Indeed, the April 21 incidents practically decimated the local tourism industry overnight as several leading hotels were targeted by the attackers. Bookings were cancelled en masse, many airlines pulled out and even the remaining tourists left. However, in a remarkable turnaround, the tourism industry bounced back in a few months after all source market countries withdrew their adverse travel advisories. Right now, arrivals are at near-normal levels, bolstered by the issue of free visas on arrival to citizens of 48 countries.

The inbound travel and tourism industry now has a positive outlook and is well on track to realize the previous target of four million tourists per annum in the short term. Many new airlines have commenced services including LOT Polish (Warsaw), Salaam Air (Muscat) and Vistara (Mumbai) while others including Biman (Dhaka), Ethiopian (Addis Ababa) and JetStar (Australia) are reported to be waiting in the wings. Several leading hotel groups are constructing hotels in Colombo and elsewhere.

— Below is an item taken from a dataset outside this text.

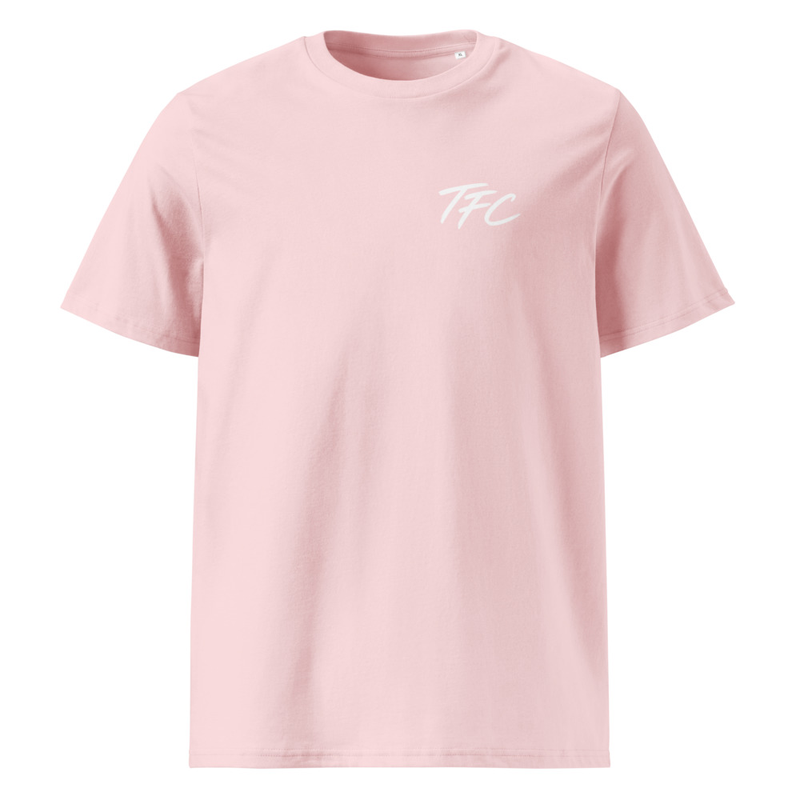 TFC Unisex Organic Cotton T-Shirt – XL, Cotton Pink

These developments will address two major concerns – the lack of seats inbound to Colombo as well as the lack of rooms during peak demand times. New attractions such as an upcoming cable car project in Nuwara Eliya should also help attract more tourists.

In developing the tourism sector, the authorities should not neglect the domestic tourists. They kept the industry alive during the dark days of 1988-89, the height of the conflict and of course, after the Easter Sunday attack.

However, now that tourism is back on track, there have been disturbing reports that some tourist establishments in the outstations were denying entry to local travellers. This “tourism apartheid” must end now. Everyone has the right to use hotel and restaurant facilities regardless of skin colour, ethnicity and other differences. In fact, according to several media reports, tourism authorities have threatened to take legal action against establishments found guilty of engaging in this discriminatory practice, which could ultimately result in the cancellation of their licenses. This is indeed the correct approach as tourism apartheid cannot be tolerated at any level.

We should also tap in to new source markets such as Eastern Europe, Africa, South America, Oceania and South East Asia. The current and proposed new flights from destinations such as Warsaw, Addis Ababa, Ho Minh City and Sydney should help in this endeavour.

We must also be mindful of the impact of Climate Change on the tourism industry and take steps to mitigate its effects from now onwards. Ours is a unique island but for tourism to thrive, it is essential to preserve our natural beauty, biodiversity and other attractions in a pristine state.